- Kobo Location in Ethiopia
- Coordinates: 12°09′N 39°38′E﻿ / ﻿12.150°N 39.633°E
- Country: Ethiopia
- Region: Amhara Region
- Zone: Semien Wollo Zone
- Elevation: 1,468 m (4,816 ft)

Population (2007)
- • Total: 24,867
- • Estimate (2021): 53,307
- Time zone: UTC+3 (EAT)

= Kobo, Ethiopia =

Kobo (Amharic ቆቦ ) is a town in northern Ethiopia. Located in the Semien Wollo Zone of the Amhara Region, this town has a longitude and latitude of with an elevation of 1468 meters above sea level. It is the administrative center of Kobo woreda.

== History ==
From 1928 until 1930 there was a large revolt over taxes and central government control in the Raya area. The military and areal bombardment was used to regain central control. This marked the first use of air power in Ethiopia. Some of the local rebels were involved with attacking Ethiopian forces when the Italians invaded in 1936. In January 1942 a clash at Kobo between locals and soldiers collecting taxes led to three British officers and nine Ethiopian soldiers killed. The Ethiopian government responded with an aerial bombardment of the town. This skirmish was one of the events which lead up to the Woyane rebellion.

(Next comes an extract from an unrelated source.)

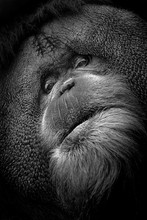 Male Orangutan Portrait
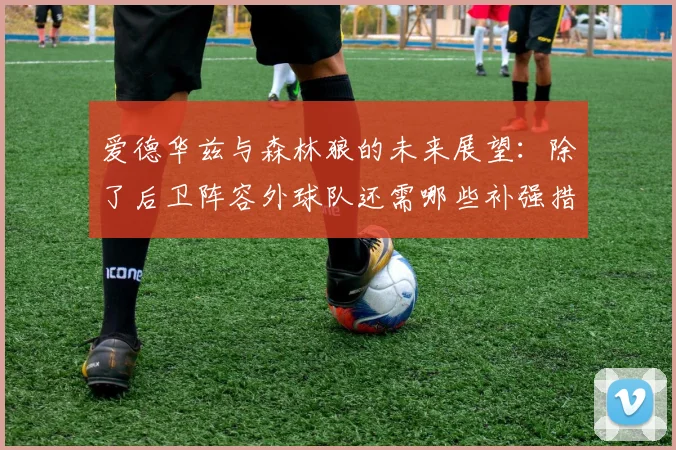 爱德华兹与森林狼的未来展望：除了后卫阵容外球队还需哪些补强措施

In mid-1972, a young District Development Officer, Abebaw Kasai, sent a full report concerning conditions in the district to the Ministry of Community Development; this was the first warning of what became the brutal 1973–74 famine which set off the Ethiopian Revolution and led to the fall of Emperor Haile Selassie. The report was received with interest by the Ministry of Community Development, but was rejected by the Ministry of the Interior. Abebaw was severely reprimanded and told never to send such a negative report again.

In May 1983 the Catholic Relief Services made grant distributions from the Agency for International Development at Kobo in response to the later famine, By the next year, with the famine clearly underway, several thousand Afar people had come to the Catholic mission in Kobo in search of help; they had fled the lowlands after losing all their livestock. Between 15 October and 2 November 1989 Kobo was subjected to four air attacks by the government forces. Casualties are not known, but the clinic was strafed by helicopter gunships.

In March 2007, the Amhara Regional Rehabilitation and Development Agency announced the creation of a state-owned cotton processing factory, and a cotton plantation on 305 hectares to supply it, with a capitalization of 63 million Birr. The next month the Ethiopian Catholic Church announced the completion of a modern hospital with 50 beds.

In September 2021, residents reported the Tigray Defence Forces killed 600 civilians in and near Kobo, starting on 9 September as a battle between the TDF and local militia but turned against civilians soon thereafter as TDF soldiers went door-to-door killing in retaliation.

== Demographics ==
Based on a national census conducted by the Central Statistical Agency in 2007, this town had a total population of 24,867, of whom 12,385 were male and 12,482 female.

The 1994 census reported this town had a total population of 20,788 of whom 9,761 were male and 11,027 female. The two largest ethnic groups reported in Kobo were the Amhara (94.54%), and the Tigrayan (4.94%); all other ethnic groups made up 0.52% of the population. Amharic was spoken as a first language by 95.55%, and Tigrinya was spoken by 4.03%; the remaining 0.42% spoke all other primary languages reported. The majority of the population practiced Ethiopian Orthodox Christianity with 87.15% reporting to profess this belief, while 12.34% of the population said they were Muslim.